As its predecessor did, Bugbear.B attempts to exploit known vulnerabilities in Microsoft Outlook, Outlook Express, and Internet Explorer. The products enable attachments to automatically open when a recipient opens the e-mail containing them, according to Sophos, another antivirus company.
Also like the first Bugbear, Bugbear.B is a messy virus that makes a number of modifications to the systems it infects, while dropping copies of programs that can snoop on a user's activity, infecting common Windows applications, and opening a back door that hackers could use, according to Sophos.
Bugbear.B is also capable of detecting and shutting down antivirus programs that it finds running on the systems it infects, Sophos says.
The Bugbear.B virus arrives in e-mail messages with a variety of subjects such as "Your news Alert," "Your Gift," "click on this!" and "cows."
Besides pulling subjects from a list it maintains internally, the virus randomly excerpts content from files on the hard drives of computers it infects, and it uses that information to supply the subject line for messages carrying the virus, according to David Emm, marketing manager for McAfee AVERT.
Like the subject line, the e-mail attachment containing the virus code also uses a variety of names chosen from a list that the worm maintains, or grabbed from files on the infected host computer.

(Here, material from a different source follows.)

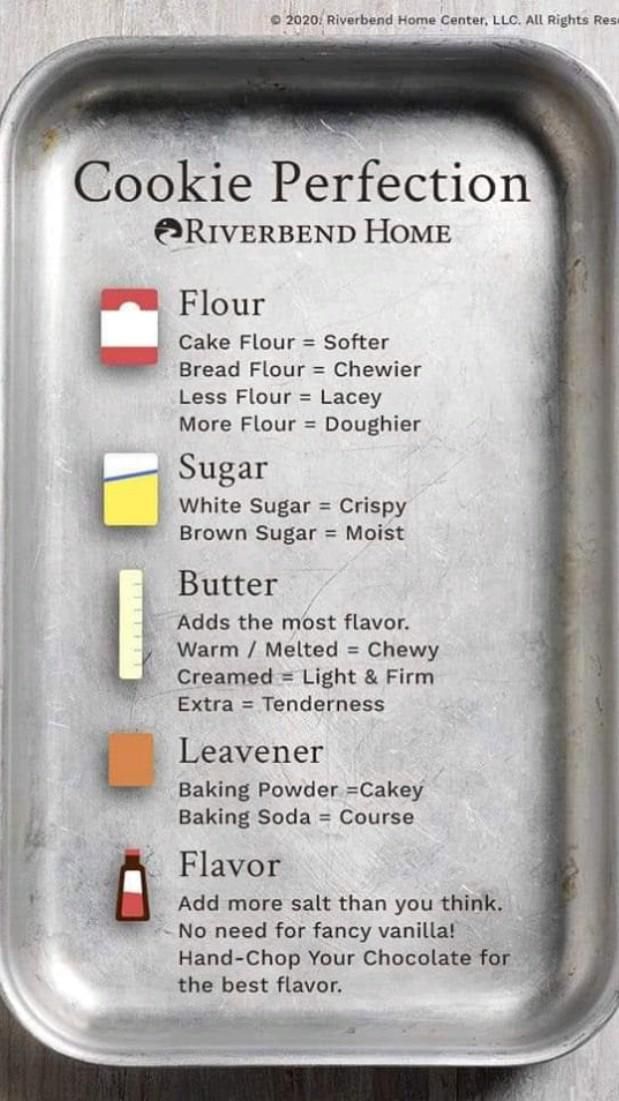 A list of baking ingredients: flour, sugar, butter, leavener, flavor, with notes on how each affects cookies.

Bugbear attachments use a variety of file extensions, according to F-Secure. Among those already identified are .exe, .scr, and .pif, and names such as "readme," "setup," "photo," and "news."
Sender Disguised
Bugbear.B also contains address-spoofing features that enable it to pull e-mail addresses skimmed from files on the infected computer and to insert them in the From line of the e-mail messages it sends out, McAfee's Emm says.
Recipients might be tricked into opening the message that seems to come from a trusted source, and can also be fooled into thinking that the sender's PC has been infected with Bugbear.B, when another machine is really the source, he says.
Unlike the first Bugbear virus, however, the new variant is "polymorphic," meaning that it is capable of subtly changing the way the virus code is encrypted to fool antivirus software, Emm adds.
"There's a potential danger with polymorphic viruses, that if you don't construct your virus detector properly, you could miss some samples," he says.
McAfee AVERT first detected the new Bugbear variant on Wednesday, upgrading it to a "Medium" risk and then to a "High" risk on Thursday as the number of reported infections mounted.
Other antivirus companies, including Symantec and F-Secure, continued to rate Bugbear.B as a moderate risk early Thursday.
The sheer number of actions taken by the virus after it infects systems makes disinfecting the PCs more complex than with previous viruses, Emm says. Removal is complicated by Bugbear.B's capability to squelch antivirus software, to install a back-door program on machines, and to infect common application executable files, which then reinfect machines when they are opened.
Antivirus companies recommend that customers update their antivirus software to protect against Bugbear.B. Instructions and tools for removing the virus from an infected system are also available from leading antivirus vendors.